O público elegeu um filme japonês — “Onoda, Dez Mil Noites na Selva”, dirigido por cineasta parisiense (Arthur Harari), como a melhor ficção da quadragésima-quinta edição da Mostra SP. Festejado pela crítica francesa e lançado em Cannes (na Mostra Un Certain Regard), esse épico de 2 horas e 40 minutos acompanha a saga de Hiroo Onoda, um tenente do exército imperial japonês, que é destinado a missão militar em pequena ilha do arquipélago filipino. A Segunda Guerra Mundial termina e o Eixo (Alemanha-Japão-Itália) é derrotado. Fiel ao Imperador, Onoda permanecerá por quase 30 anos na selva asiática. Sem reconhecer a derrota e cumprindo com seu dever de extrema fidelidade ao Imperador. Só em 1974, ele se “renderia”. Foi recebido com honras em seu país de origem. Morreu em 2014, aos 91 anos. Vale notar que ele passou cinco anos no Brasil, onde tentou criar gado. Mas preferiu regressar ao Japão. O filme já tem distribuição garantida no Brasil, pela Imovision, de Jean-Thomas Bernardini.

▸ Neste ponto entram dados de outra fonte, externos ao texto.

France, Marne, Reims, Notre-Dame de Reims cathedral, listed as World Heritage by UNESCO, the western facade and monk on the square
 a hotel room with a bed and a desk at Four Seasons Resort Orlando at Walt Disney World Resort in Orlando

Outro premiado pelo público foi “Summer of Soul (…ou Quando a Revolução Não Pôde Ser Televisionada)”, uma espécie de “Woodstock black”. Em 1969, durante seis semanas de verão, no Harlem novaiorquino, grandes astros da música preta dos EUA — da grandeza de Nina Simone, Stevie Wonder, B.B. King, entre muitos outros — participaram de shows apoteóticos no Monte Morris Park. Mais de 50 anos depois, o rapper, produtor cultural e cineasta Almir “Questolove” Thompson transformou os registros das performances black em filme eletrizante. Exibido em cinemas fechados da Mostra e no Vale do Anhagabaú paulistano, o longa documental conquistou o público brasileiro, que o elegeu como “melhor filme não-ficcional” da competição.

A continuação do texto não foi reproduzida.